*ACTION ITEM:* From the material below, set down exactly the lines that run from the one containing "Oxide Superspin EPSRC-JSPS" to the one containing "С 25 апреля", minus the pictures.
RECORDS FOR THE EXERCISE START
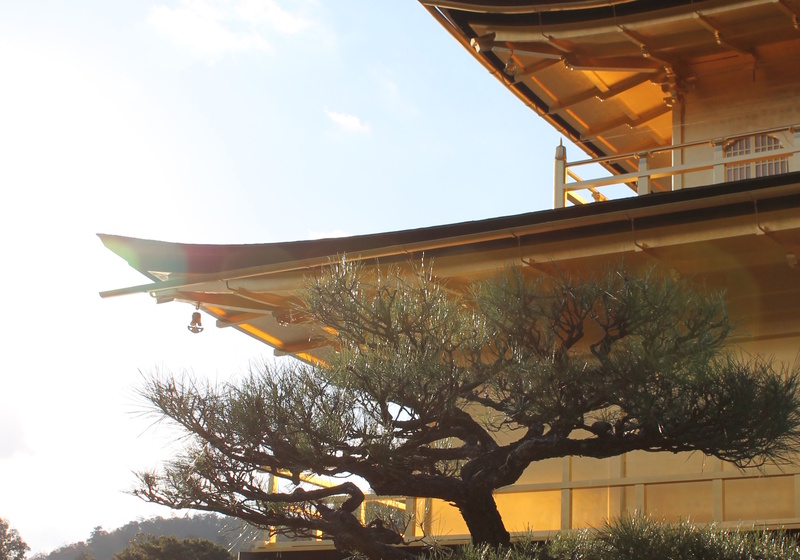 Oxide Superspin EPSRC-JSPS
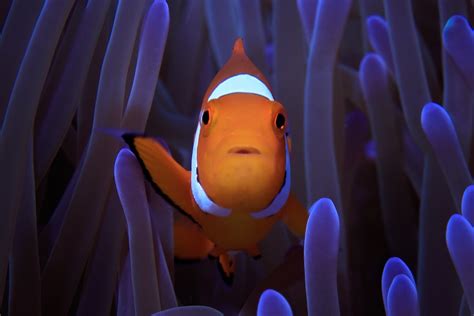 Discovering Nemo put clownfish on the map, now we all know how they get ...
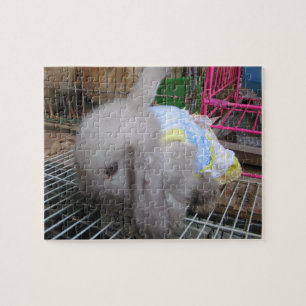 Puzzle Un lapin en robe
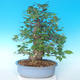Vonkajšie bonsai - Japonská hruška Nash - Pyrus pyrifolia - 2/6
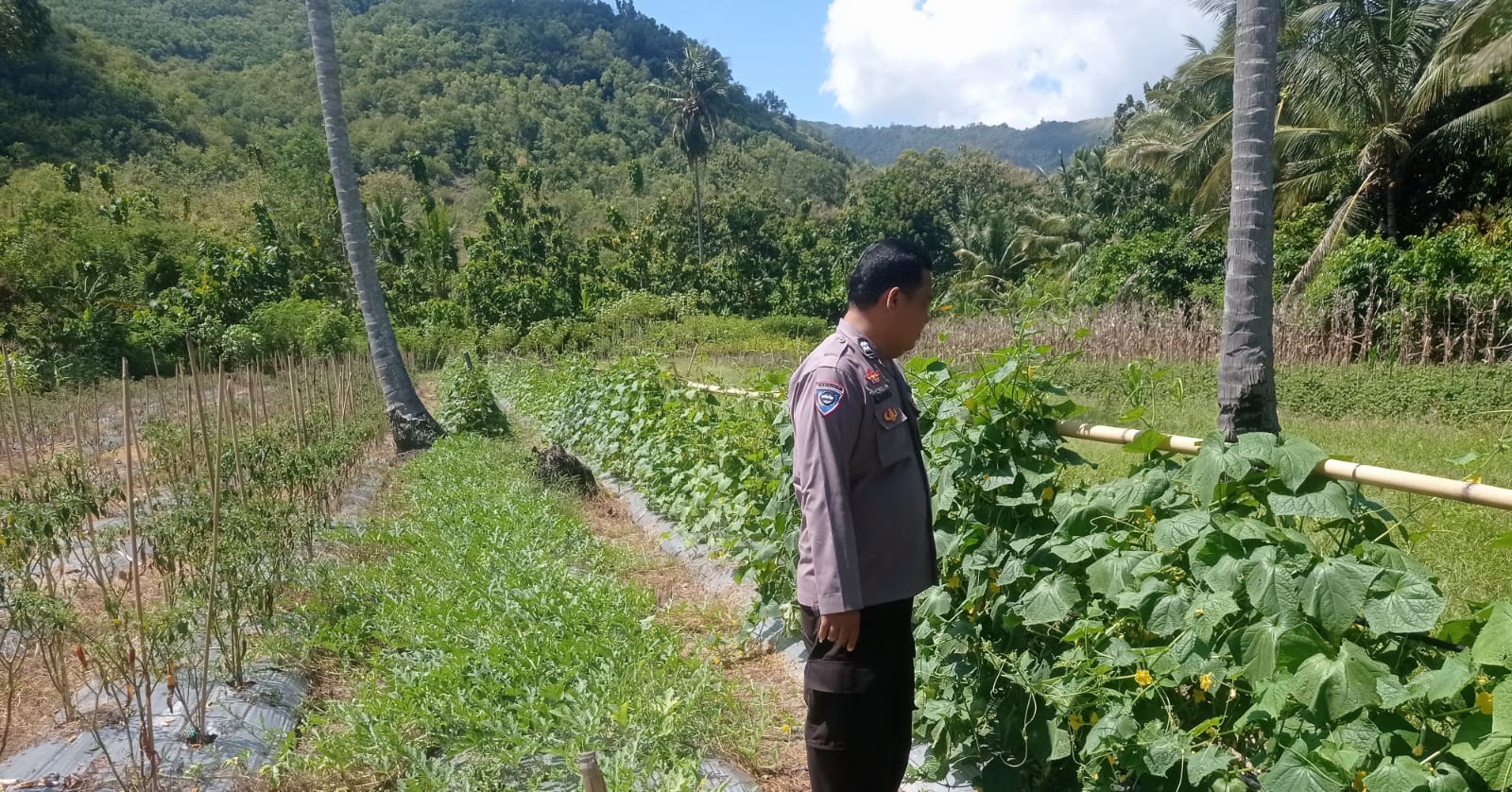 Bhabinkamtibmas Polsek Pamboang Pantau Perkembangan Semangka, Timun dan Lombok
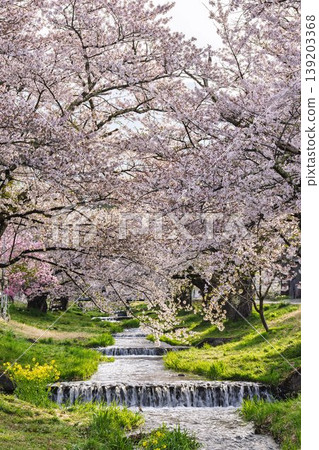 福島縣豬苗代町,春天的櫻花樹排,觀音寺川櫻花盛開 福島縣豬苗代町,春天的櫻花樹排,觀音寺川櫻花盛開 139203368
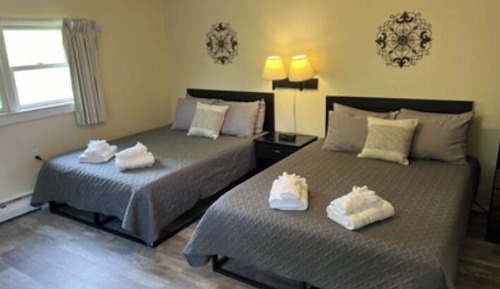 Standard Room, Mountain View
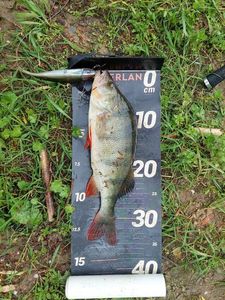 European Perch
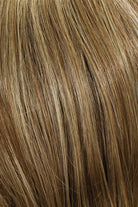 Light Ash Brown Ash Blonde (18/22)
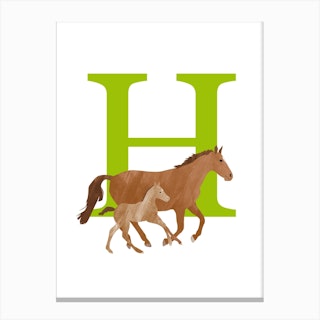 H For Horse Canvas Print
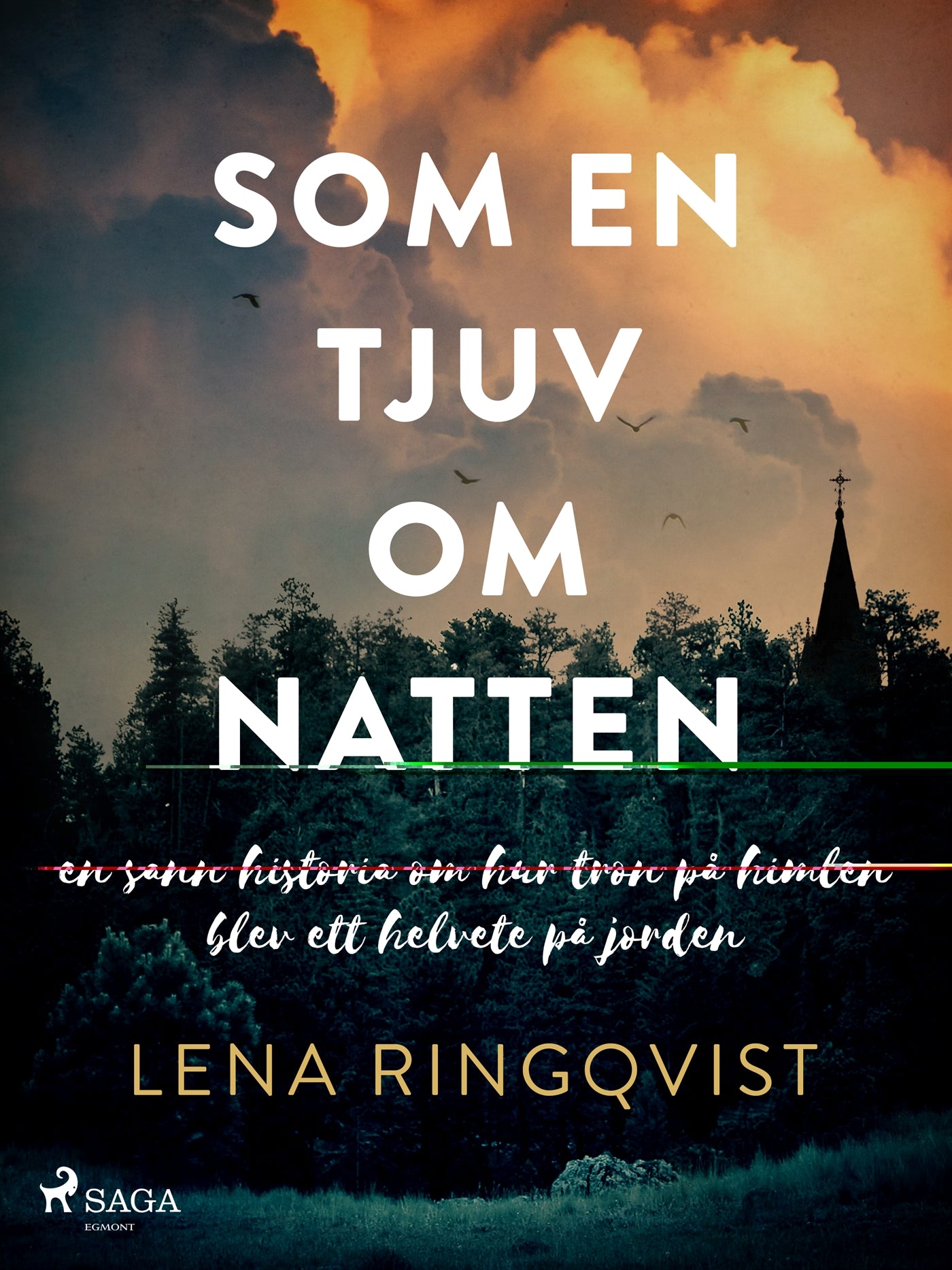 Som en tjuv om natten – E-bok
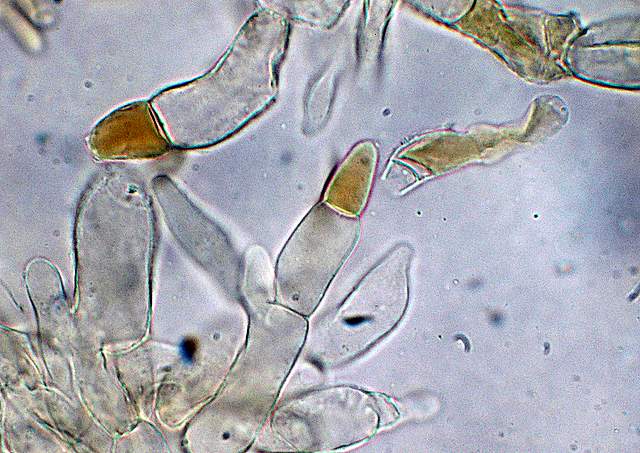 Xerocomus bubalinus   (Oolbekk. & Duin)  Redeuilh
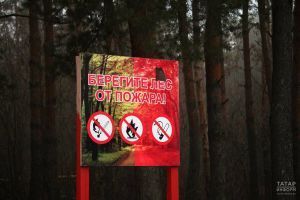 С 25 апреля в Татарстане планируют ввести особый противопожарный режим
RECORDS FOR THE EXERCISE END
RECORDS FOR THE EXERCISE START
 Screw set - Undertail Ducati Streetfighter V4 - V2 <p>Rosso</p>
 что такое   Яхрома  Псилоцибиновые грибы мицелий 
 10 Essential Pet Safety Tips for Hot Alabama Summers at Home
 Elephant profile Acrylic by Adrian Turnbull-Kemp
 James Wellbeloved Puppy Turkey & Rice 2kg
RECORDS FOR THE EXERCISE END
RECORDS FOR THE EXERCISE START
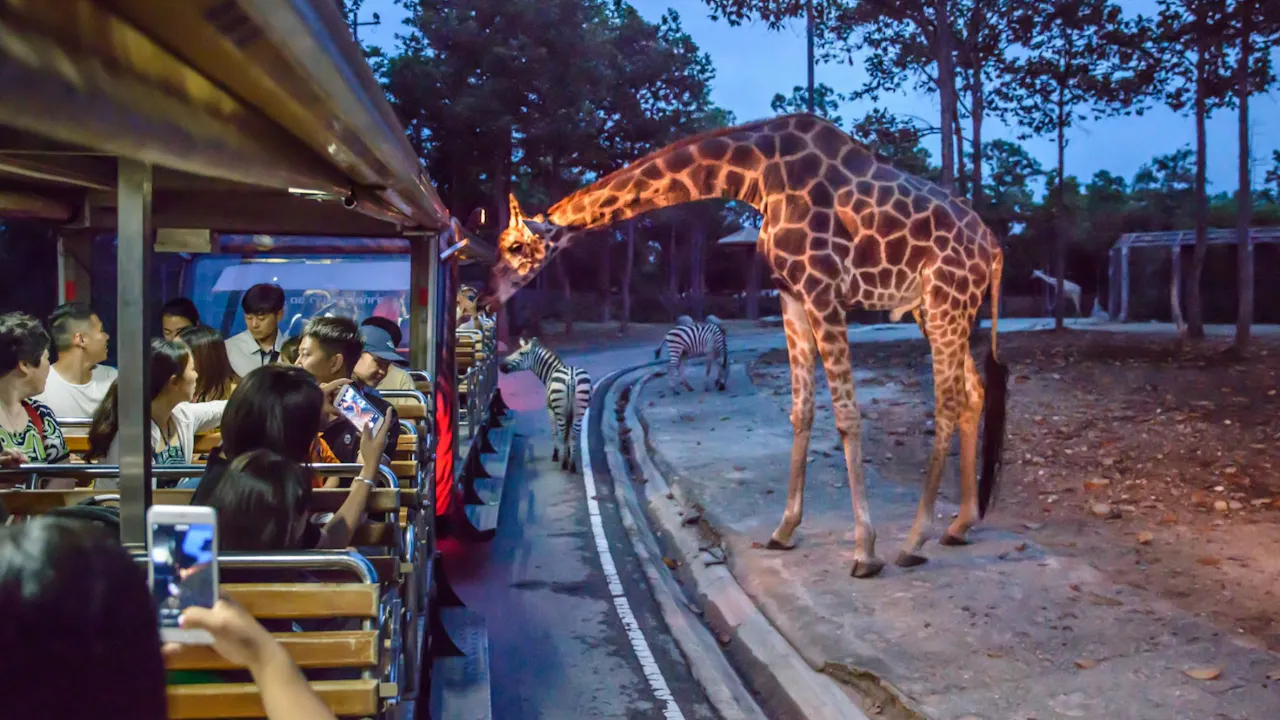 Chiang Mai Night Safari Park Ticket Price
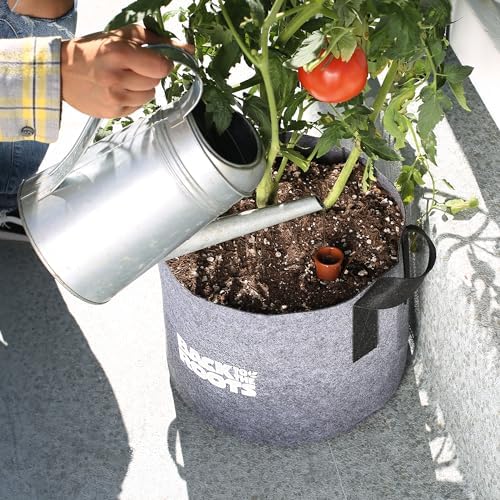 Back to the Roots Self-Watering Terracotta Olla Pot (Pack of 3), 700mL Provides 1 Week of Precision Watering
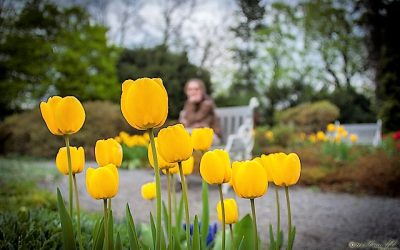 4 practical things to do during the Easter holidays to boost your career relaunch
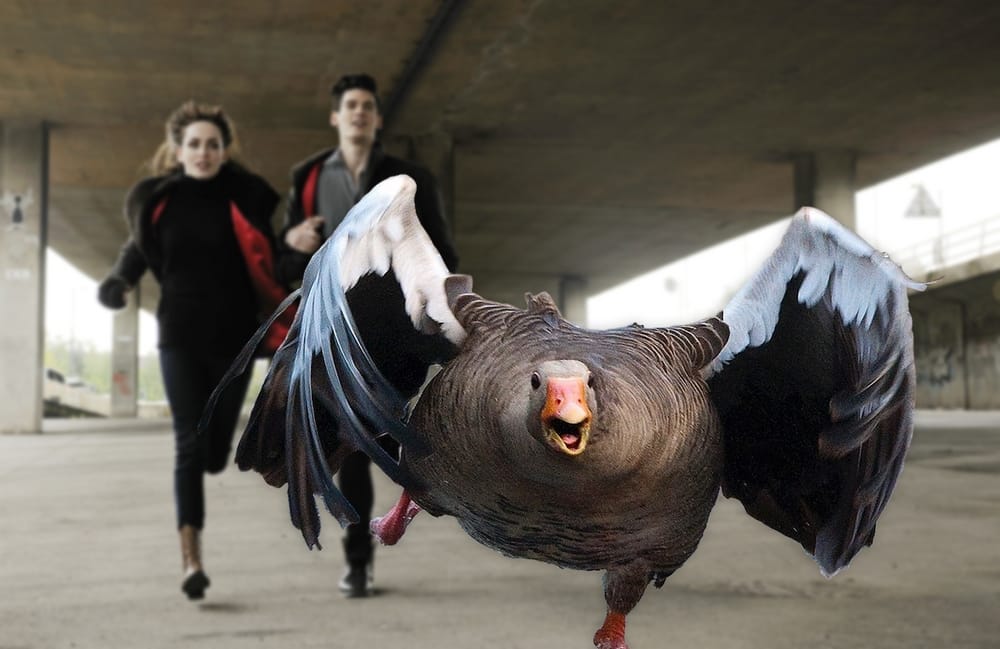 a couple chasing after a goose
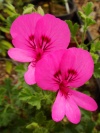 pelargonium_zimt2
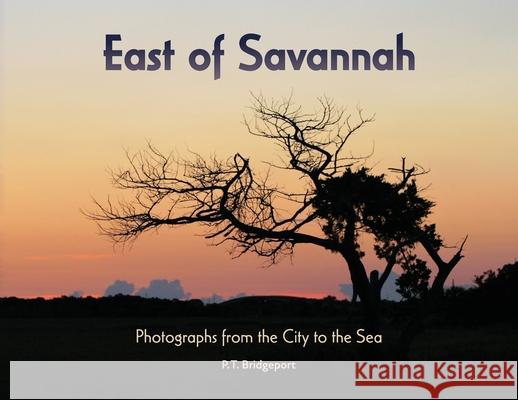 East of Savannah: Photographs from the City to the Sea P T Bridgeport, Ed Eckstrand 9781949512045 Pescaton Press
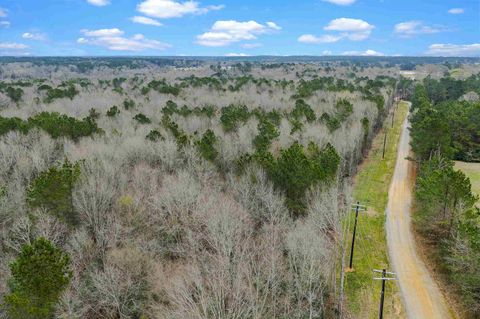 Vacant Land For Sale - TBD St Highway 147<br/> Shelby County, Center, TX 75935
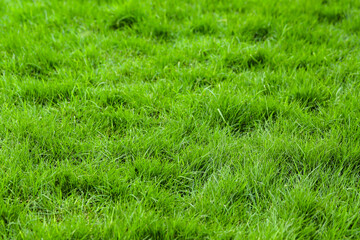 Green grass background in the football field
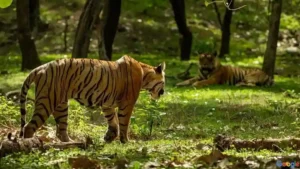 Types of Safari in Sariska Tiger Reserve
RECORDS FOR THE EXERCISE END
*YOUR SOLUTION:*
 Oxide Superspin EPSRC-JSPS
 Discovering Nemo put clownfish on the map, now we all know how they get ...
 Puzzle Un lapin en robe
Vonkajšie bonsai - Japonská hruška Nash - Pyrus pyrifolia - 2/6
 Bhabinkamtibmas Polsek Pamboang Pantau Perkembangan Semangka, Timun dan Lombok
 福島縣豬苗代町,春天的櫻花樹排,觀音寺川櫻花盛開 福島縣豬苗代町,春天的櫻花樹排,觀音寺川櫻花盛開 139203368
 Standard Room, Mountain View
 European Perch
 Light Ash Brown Ash Blonde (18/22)
 H For Horse Canvas Print
 Som en tjuv om natten – E-bok
 Xerocomus bubalinus   (Oolbekk. & Duin)  Redeuilh
 С 25 апреля в Татарстане планируют ввести особый противопожарный режим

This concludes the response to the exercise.